The crowd had seen where he was heading and walked around the tip of Lake Galilee and got there before him. His only time with the Lord for rest and restoration was in the boat!  So much for solitude and rest. He doesn’t even have the disciples to muster the crowd somehow.

But our wonderful Lord, instead of sighing, “had compassion for them and cured their sick.” Jesus heart was moved by their plight. In that moment, he loved them with all the love of God the father. That is what it means when the bible says Jesus was “filled with compassion.” It is always followed by healing, as it was in this case – he” cured their sick.”

Jesus’ greatest teachings, healings and signs mostly happened in the countryside and very rarely in Jerusalem. This is not a farming sort of countryside Jesus came to but a deserted place, also translated a ‘lonely’ place.

The lost sheep are those who wander off into deserted and lonely places and a good shepherd would find them and they would follow him.

The crowd are flocking to Jesus in this deserted and lonely place to hear the voice of the Good Shepherd saying to them ‘come to me, come to me.’

Into this beautiful scene of the pastoral love of God for his children, the disciples finally arrive in the evening. They attempt to bring order and say to Jesus, “send the crowds away so that they may go into the villages and buy food for themselves” (14:15).
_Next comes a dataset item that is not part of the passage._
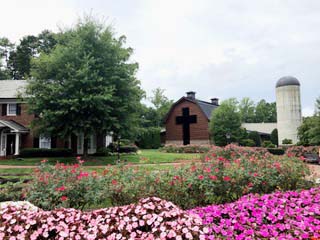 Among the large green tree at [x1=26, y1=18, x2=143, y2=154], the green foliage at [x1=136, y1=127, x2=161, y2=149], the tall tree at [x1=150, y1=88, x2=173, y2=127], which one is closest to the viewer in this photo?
the large green tree at [x1=26, y1=18, x2=143, y2=154]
But that would utterly destroy what Jesus is doing here. He says, “come to me, always and forever and I will never drive you away.”

The disciples need teaching. They are about to be the church and Jesus is teaching them constantly. He needs them to know that no matter what you offer to the Lord for service to the Kingdom of Heaven, it will be multiplied, and what we offer will prove to be exactly the right amount, or size, or experience, or age, or skill, or personality that was needed to accomplish the great and mysterious ways of God.

The crowd needs feeding, they have seen the living God filled with power in word and deed, yet gentle and compassionate, and they have never seen anything like it. Their lives have been changed. They are not going anywhere, who would?

Above all else, in the midst of this healing, holy and pastoral moment, Jesus wants God the Father to be glorified this day.

So he says, not in a peeved or smart-alecky way, “They need not go away; you give them something to eat” (14:16). They reply, “‘We have nothing here but five loaves and two fish.’  And he said, ‘Bring them here to me,’ … taking the five loaves and the two fish, he looked up to heaven, and blessed and broke the loaves, and gave them to the disciples, and the disciples gave them to the crowds” (14:17b-18a, 19).

Now the disciples needed to believe that each time they put their hand in the basket, food would be there for the next person. The bread and fish didn’t appear on a buffet table and an orderly line maintained as they all ate their fill. No the disciples fed the crowd after. The disciples kept dipping into the baskets and food kept coming out.

That requires faith.

Now what Jesus is doing here is a physical manifestation of his heart of compassion, the very Father heart of God, which always brings life and multiplication.  Jesus does all of this because he has the heart of the Father.

He didn’t call the crowd or the disciples, and he doesn’t call us, to follow him without the intention of providing for us. He doesn’t call us to come to church to worship God in spirit and truth just for something to do on a Sunday morning. No, he calls us to follow him so that he can be our God and we can be his dear children.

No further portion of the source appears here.